This fall, as a Senior Fellow in the McCormack Graduate School at UMASS Boston, I had the privilege of being an observer at an annual gathering of the Forum for Cities in Transition. The four day conclave was in Belfast, Northern Ireland; and the piece below is something I wrote for the Forum’s blog here and I’ve cut and pasted it below. I chose to write a reflection not so much on what the cities around the world are doing but on how we here in Boston could learn from those at the table. The piece below explains – and I welcome the comments of others:
The outpouring of love for former Boston Mayor Tom Menino was a deeply touching reminder that Boston is a city in transition. As our business and civic leaders get to know a new mayor and a new governor as well, opportunity knocks. In times like these inspiration can come from unlikely sources.
Recently a group of 75 urban leaders gathered in Belfast, Northern Ireland, from cities around the world to talk about making progress. These representatives of cities that are in transition out of deep-rooted conflict came from Kirkuk, Srebrenica, Tripoli, Nicosia, Kaduna, Derry-Londonderry and elsewhere. UMass Boston Professor Padraig O’Malley conceived of the Forum for Cities in Transition in 2005, to foster peace and reconciliation. He remarked to the delegations in Belfast that “at a time when nations are falling apart, cities just keep getting stronger”.

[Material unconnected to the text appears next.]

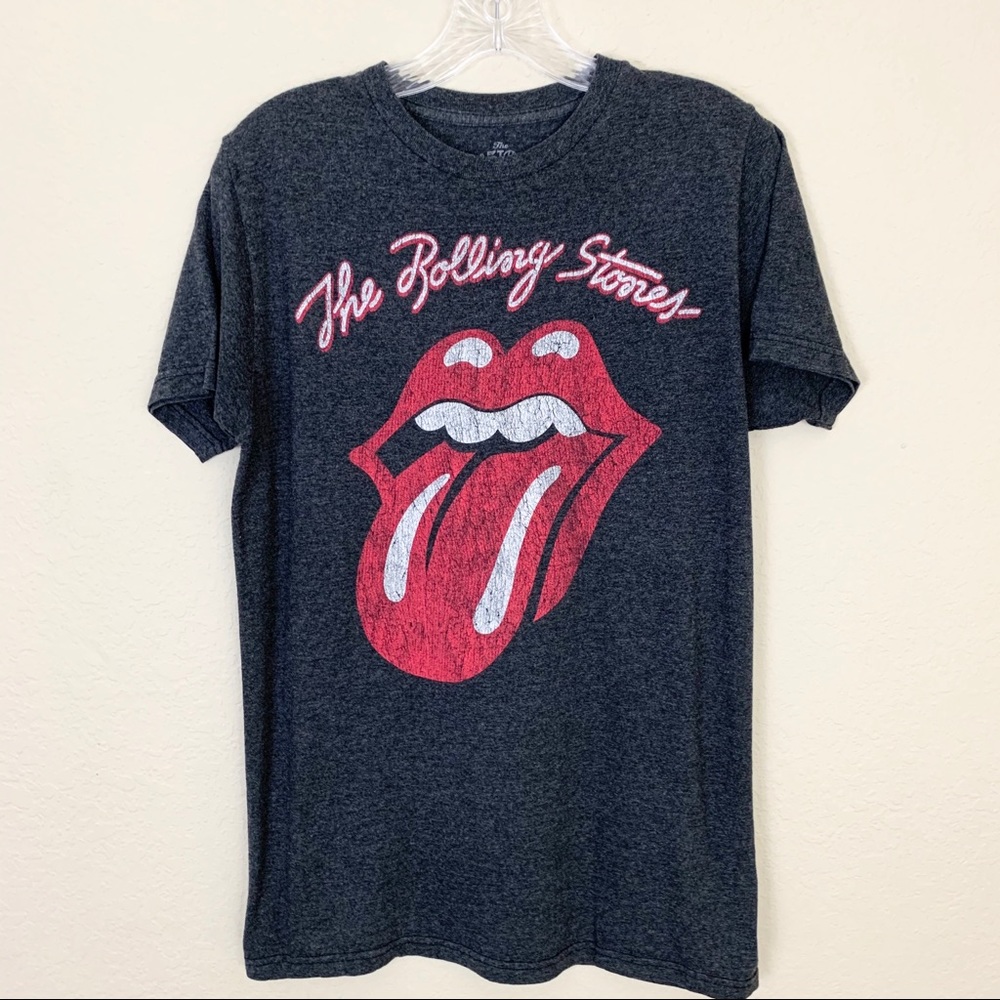 Rolling Stones Graphic Tee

Prof. O’Malley sticks faithfully to the forum model because of his decades of experience working with divided societies, including South Africa and Northern Ireland, which led him to a strong conviction that the best teachers for leaders are others who have had similar experiences. It was in that spirit that he brought leaders from Northern Ireland together with Nelson Mandela in South Africa in July 1997, and his work has not stopped since then, bringing him to virtually every “hot spot” on the planet.
While Boston is hardly facing the existential challenges today like it did 30-40 years ago, there is plenty on our plate, and our peers in urban centers around the word have much to teach us, no matter what stage of development they are in. Here are five key takeaways from the four-day Belfast event that are as relevant to us as to any of those present:
- Many issues that surface as matters of identity and geography conceal deep economic concerns as well.
Boston should continue to embrace its diversity and develop more confidence speaking openly about some its historic challenges, particularly with race; but it should also be a model to the world of tackling economic insecurity head on. The city will reap enormous social dividends if people have good jobs and affordable housing; and like post-conflict communities in the former Yugoslavia, economic opportunity can go a long way in helping residents to feel more capable of resolving issues that have long seemed to be intractable. A new mayor and governor can tap the minds of our scholars and social entrepreneurs and pilot ideas for economic growth that are most likely to be replicable and scalable; and we should be careful not to sacrifice our distinct long-term advantages to attract short-term inward investment.
- Promises matter — but trust can only be reached by meaningful engagement and shared experience.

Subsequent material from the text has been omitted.